Flaggenmeer: Colorado Springs im Sarah Palin Rausch
Amerika hat seinen neuen Superstar. Barack Obama war gestern, Sarah Palin heute. Zumindest glauben könnte man das zurzeit. Dabei scheinen die kleinen Fehler der Sarah Palin vergessen: Nur zur Erinnerung: Gegen sie läuft ein Verfahren wegen Amtsmissbrauchs / Sie ist erst seit 21 Monaten Gouverneurin / Sie hat keine Erfahrung in Sicherheits- und Außenpolitik - sie hat erst seit 2007 einen Reisepass / Ihr angeblichers Großprojekt einer neuen Gas-Pipeline in Alaska wird frühestens - wenn überhaupt - 2018 gebaut werden / Sie hat sich nach eigenen Angaben nie so richtig für den Irak-Krieg interessiert. Und auch das sollte niemand vergessen: Sie will die biblische Entstehungsgeschichte in der Schule mit der Evolutions-Theorie lehren lassen / Sie ist gegen das Recht auf Abtreibung, selbst im Falle von Vergewaltigung und Inszest / Sie ist auf Lebenszeit Mitglied der Waffenlobby NRA / Sie ist gegen Sexualkunde in der Schule / Sie hält Abstinenz für die beste Verhütungmethode / Ihre minderjährige Tocher Bristol (17) ist im fünften Monat schwanger / Ihr Mann Todd wurde vor 22 Jahren wegen Trunkenheit am Steuer verhaftet.

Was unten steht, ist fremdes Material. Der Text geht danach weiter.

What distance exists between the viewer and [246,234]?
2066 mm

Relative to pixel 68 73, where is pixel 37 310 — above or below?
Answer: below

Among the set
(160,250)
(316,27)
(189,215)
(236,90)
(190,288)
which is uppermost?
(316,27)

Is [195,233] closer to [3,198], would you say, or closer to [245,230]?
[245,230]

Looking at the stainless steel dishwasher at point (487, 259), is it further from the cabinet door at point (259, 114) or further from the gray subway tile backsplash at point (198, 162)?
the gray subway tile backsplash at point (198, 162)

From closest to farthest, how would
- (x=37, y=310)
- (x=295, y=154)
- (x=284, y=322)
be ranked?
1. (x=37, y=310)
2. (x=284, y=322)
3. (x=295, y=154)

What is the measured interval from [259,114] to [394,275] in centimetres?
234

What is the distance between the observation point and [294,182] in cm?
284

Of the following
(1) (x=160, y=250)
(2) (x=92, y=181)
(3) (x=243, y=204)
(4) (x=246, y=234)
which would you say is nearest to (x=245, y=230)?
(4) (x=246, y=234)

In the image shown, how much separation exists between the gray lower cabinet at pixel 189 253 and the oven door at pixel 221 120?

All diese Leichen, die ansonsten einen möglichen Vize-Präsidenten "politisch killen" würden, zählen im Moment offenbar nicht. Im Gegenteil: Wer nur die Fakten aufschreibt, bekommt Protestbriefe, verliert Abonnenten oder Zuschauer. Zuletzt erwischte es US Weekly. Das US-Klatsch-Magazin ist nicht bekannt für investigativen Journalismus. Entsprechend war ihre Titelgeschichte: "Babies, Lies & Scandal" auch nur eine einfache Zusammenschreibe längst bekannter Fakten. Ärger gab es dennoch: Bis zu 10.000 Abonennten sollen das Blatt abbestellt haben. Man könnte glauben: Im Wahlkampf interessiert sich Amerika nicht mehr für Tatsachen.